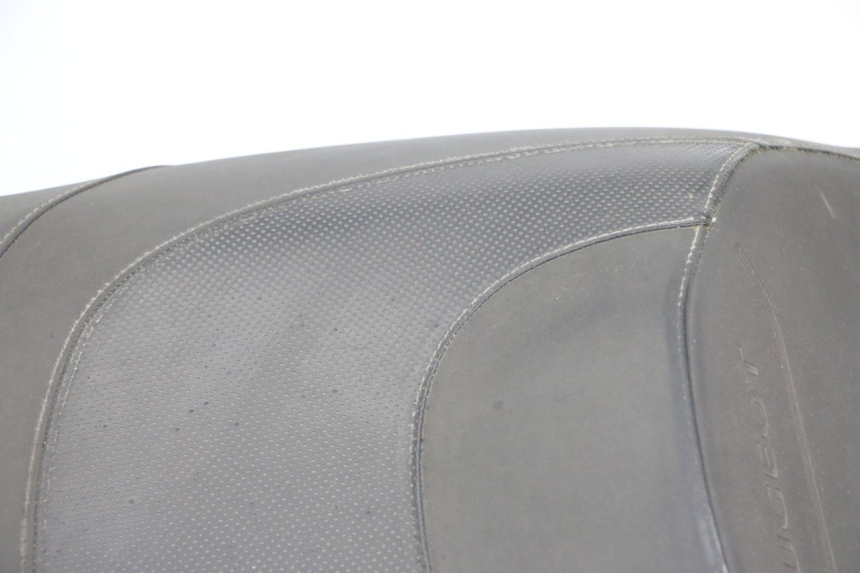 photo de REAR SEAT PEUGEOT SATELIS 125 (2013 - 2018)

# # # #

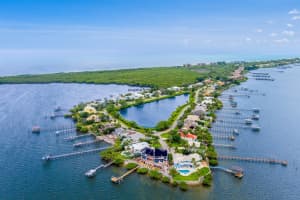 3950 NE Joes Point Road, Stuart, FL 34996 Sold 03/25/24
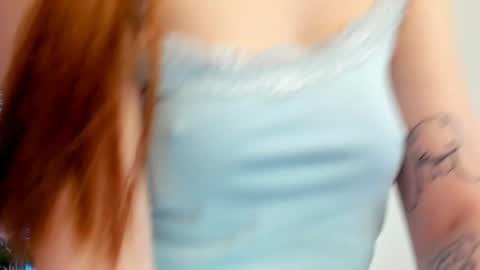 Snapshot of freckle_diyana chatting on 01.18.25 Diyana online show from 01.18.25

# # # #

## TASK BRIEF
Look above and copy only the lines from the one holding "3950 NE Joes" to the one holding "Snapshot of freckle_diyana", both included, exactly, minus the pictures.

## TASK OUTPUT
 3950 NE Joes Point Road, Stuart, FL 34996 Sold 03/25/24
 Snapshot of freckle_diyana chatting on 01.18.25 Diyana online show from 01.18.25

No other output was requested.